Given a standard normal random variable:
$X\sim \mathcal{N}(0,1)$
and given two real positive numbers $\mu$ and $\sigma$, I am interested in finding a (non-random) function $g:\mathbb{R}\rightarrow\mathbb{R}$ such that the random variable $g(X)$ is a mixture of two Gaussian:
$Y \triangleq g(X)\sim \frac{1}{2}\mathcal{N}(-\mu,\sigma^2)+\frac{1}{2}\mathcal{N}(+\mu,\sigma^2)$
(Where this notation means that the probability density function of $Y$ is half the sum of the probability density functions of $\mathcal{N}(-\mu,\sigma^2)$ and $\mathcal{N}(+\mu,\sigma^2)$ ).
I'm also interested in the more general setting, where we work with Gaussian random vectors, and we want to transform a standard vector into a mixture of $n$ Gaussians with given mean vectors, given covariance matrices and given weights (a weight is the coefficient of a Gaussian in the mixture, $\frac{1}{2}$ in the simpler problem above).
My questions are:
- Is this possible?
- If no, why not? If yes, what is the function $g$ that achieves this, or how can it be constructed?

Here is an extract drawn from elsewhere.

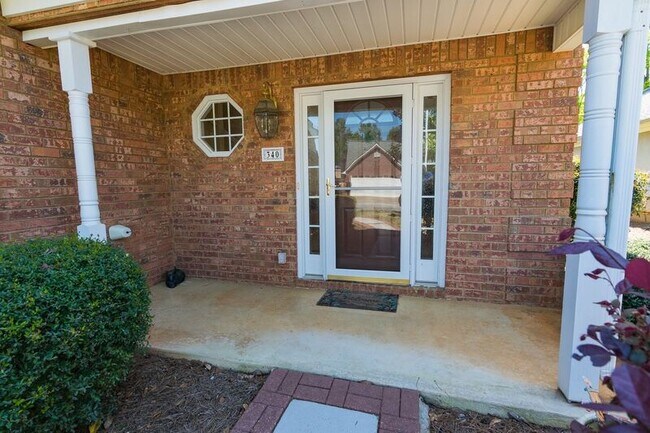 Building Photo - 340 Bedford Dr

My attempt at solving the simpler version of the problem was to use the change of variables formula for differentiable monotonic functions $g$:
$f_Y(y) = \left| \frac{d}{dy} \big(g^{-1}(y)\big) \right| \cdot f_X\big(g^{-1}(y)\big)$,
to plug in my required $f_X$ and $f_Y$ and to solve for $g^{-1}$. However, this results in a complicated ordinary differential equation which I don't know how to solve (although I can attempt to solve it numerically).

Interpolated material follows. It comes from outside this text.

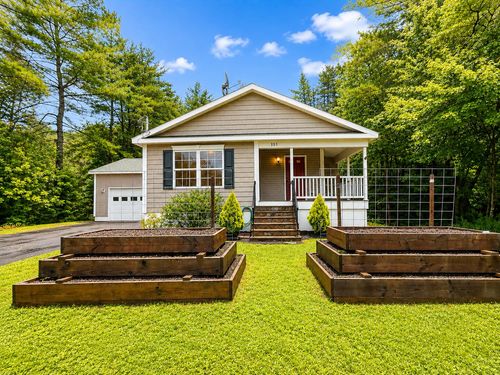 151 Pond Rd, Lewiston, ME, 04240-1831 | Card Image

I can very roughly construct such a function $g$, but not accurately (in the sense that it does not give two Gaussians, only two "blobs").
We can take:
$g(x)=\frac{(2\sigma x +\mu)e^{\lambda x}+(2\sigma x – \mu)e^{-\lambda x}}{ e^{\lambda x}+e^{-\lambda x} }$.

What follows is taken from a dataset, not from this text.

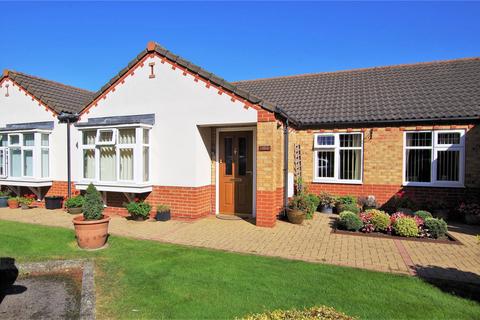 2 bedroom bungalow for sale - Birch Tree Drive, Hedon, Hull, East Yorkshire, HU12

This function look like this (for $\mu=2\,\ \sigma=1,\ \lambda=7$):
The idea is to "stretch" as much as possible the area around $x=0$ (hence the large derivative over there), so that the center of the original Gaussian gets spread along a large area and therefore its mass is reduced, while simply "translating" the mass in the other areas either to the left or to the right, to maintain the Gaussian shape…
This is the resulting distribution:
As you can see, I didn't exactly get Gaussians…
Best Answer
To answer you question (1): Of course it is possible: since your original $X$ has a continuous distribution function $F$, you can use the $Y=G^{-1}(F(X))$ trick to generate a random variable $Y$ with any desired distribution function $G$. In your case this $g(t)=G^{-1}(F(t))$ function will be continuous and monotone increasing.